Back to Chuldenko and the annual Carter family vacation, which the former president's grandson tells NPR he's pretty sure was in Florida that year. Chuldenko was intrigued by the records and wondered where they came from. Uncle Jeff blew his mind by telling him that the White House had an official record collection.

But was it true? He needed confirmation.

Shortly after the vacation, Chuldenko decided to reach out to the White House curator's office to confirm, and to his surprise, they got back to him a few days later. They confirmed the existence of the White House record collection, but said it was stored in a secure facility at a warehouse that he was not allowed to visit.

But, he persisted and requested to view the record collection at the White House, but that had to be cleared by the office of first lady Michelle Obama. It was.

Chuldenko quickly started planning the trip and reached out to some of the people who curated the collection, like jazz critic Bob Blumenthal and one of his advisers, Kit Rachlis — both of whom ultimately accompanied him to the White House later that year — just days before Christmas in 2010.

"We walk in and they're all in these cardboard boxes," Chuldenko recalls of the visit. "And it's like, whoa. Here I am in the White House, downstairs in the movie theater, digging through these records that are embossed in presidential seal binders. It is the coolest thing ever for a record collector. It is the most exclusive record library in the world, probably."

So, they start laying out their favorites, including: The Woodstock soundtrack, Neil Young's Decade, the self-titled Clash record, Elvis Costello's My Aim Is True, and Bob Dylan's Blonde on Blonde.

So, what record did they play first? One of Chuldenko's favorites: Van Morrison's Astral Weeks.

After hours in the White House screening room, someone from the curator's office came down and said it was time to go.

"We put everything back where it belonged and they came in with these dollies and they started wheeling away these cardboard boxes full of records — and I think it was at that moment when I realized, like, they're going to take this back to the secure storage facility," Chuldenko says. "No one is going to ever see these again."

Through that visit, research and interviews he learned a fair amount about this mysterious record collection.
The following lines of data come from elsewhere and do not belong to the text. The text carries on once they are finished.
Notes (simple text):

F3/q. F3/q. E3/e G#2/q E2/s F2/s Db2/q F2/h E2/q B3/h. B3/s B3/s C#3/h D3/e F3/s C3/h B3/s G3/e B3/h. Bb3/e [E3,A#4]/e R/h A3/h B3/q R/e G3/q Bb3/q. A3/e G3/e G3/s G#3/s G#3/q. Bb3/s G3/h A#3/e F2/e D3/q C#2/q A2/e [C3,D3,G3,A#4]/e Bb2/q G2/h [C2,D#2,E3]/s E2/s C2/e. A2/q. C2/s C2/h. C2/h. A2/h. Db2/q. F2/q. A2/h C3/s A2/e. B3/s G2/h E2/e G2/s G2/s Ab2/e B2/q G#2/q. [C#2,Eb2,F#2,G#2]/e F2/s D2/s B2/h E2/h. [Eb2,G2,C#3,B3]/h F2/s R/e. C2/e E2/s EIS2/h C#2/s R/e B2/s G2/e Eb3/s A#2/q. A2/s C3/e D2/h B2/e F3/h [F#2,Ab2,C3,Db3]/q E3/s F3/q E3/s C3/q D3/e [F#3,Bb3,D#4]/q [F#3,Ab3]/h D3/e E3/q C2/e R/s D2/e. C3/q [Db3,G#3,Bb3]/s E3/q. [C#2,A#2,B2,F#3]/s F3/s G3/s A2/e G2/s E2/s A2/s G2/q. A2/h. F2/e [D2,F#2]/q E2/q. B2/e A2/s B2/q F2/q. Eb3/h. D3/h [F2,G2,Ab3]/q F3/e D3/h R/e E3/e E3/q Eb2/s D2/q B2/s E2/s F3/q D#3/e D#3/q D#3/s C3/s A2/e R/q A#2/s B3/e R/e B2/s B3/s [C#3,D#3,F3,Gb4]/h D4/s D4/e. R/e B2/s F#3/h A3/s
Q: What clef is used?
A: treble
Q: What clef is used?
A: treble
The first volume, created during the Nixon administration and presented to the first family in 1973, contained more than 1,800 LPs and featured bands from Elton John and The Doors to more easy-listening acts like Don Ho and Pat Boone.

The second volume, presented to the Carters in 1981, was a little more rock and roll and featured records from artists like Chuck Berry, Neil Young and Bob Dylan — along with some records that Chuldenko refers to as controversial.
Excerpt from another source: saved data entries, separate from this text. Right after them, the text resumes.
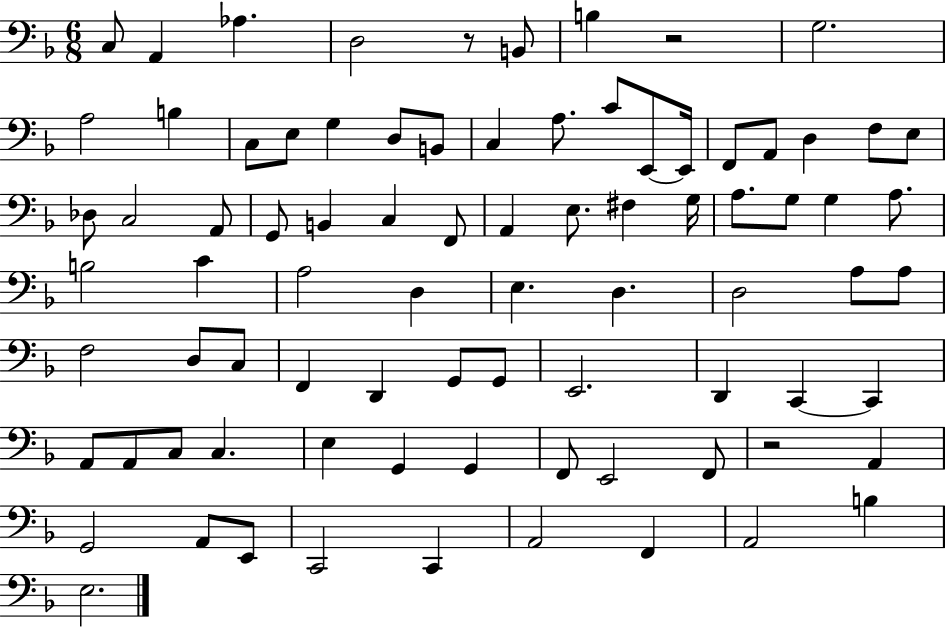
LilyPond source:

{
  \clef bass
  \numericTimeSignature
  \time 6/8
  \key f \major
  c8 a,4 aes4. | d2 r8 b,8 | b4 r2 | g2. | \break a2 b4 | c8 e8 g4 d8 b,8 | c4 a8. c'8 e,8~~ e,16 | f,8 a,8 d4 f8 e8 | \break des8 c2 a,8 | g,8 b,4 c4 f,8 | a,4 e8. fis4 g16 | a8. g8 g4 a8. | \break b2 c'4 | a2 d4 | e4. d4. | d2 a8 a8 | \break f2 d8 c8 | f,4 d,4 g,8 g,8 | e,2. | d,4 c,4~~ c,4 | \break a,8 a,8 c8 c4. | e4 g,4 g,4 | f,8 e,2 f,8 | r2 a,4 | \break g,2 a,8 e,8 | c,2 c,4 | a,2 f,4 | a,2 b4 | \break e2. | \bar "|."
}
"The first Clash record is in there, the Sex Pistols is in there," he says. "Rocket to Russia is in there from The Ramones. You got Funkadelic in there. There's some stuff that you would not expect to be in the White House record library."

What is also not in the White House record library is anything from 1980 to the present day, and Chuldenko wants to change that by updating the collection with a third volume.

Will he succeed? He just may. He has a call scheduled with someone from the Recording Industry Association of America — the folks responsible for the collection from the 1970s — on Wednesday.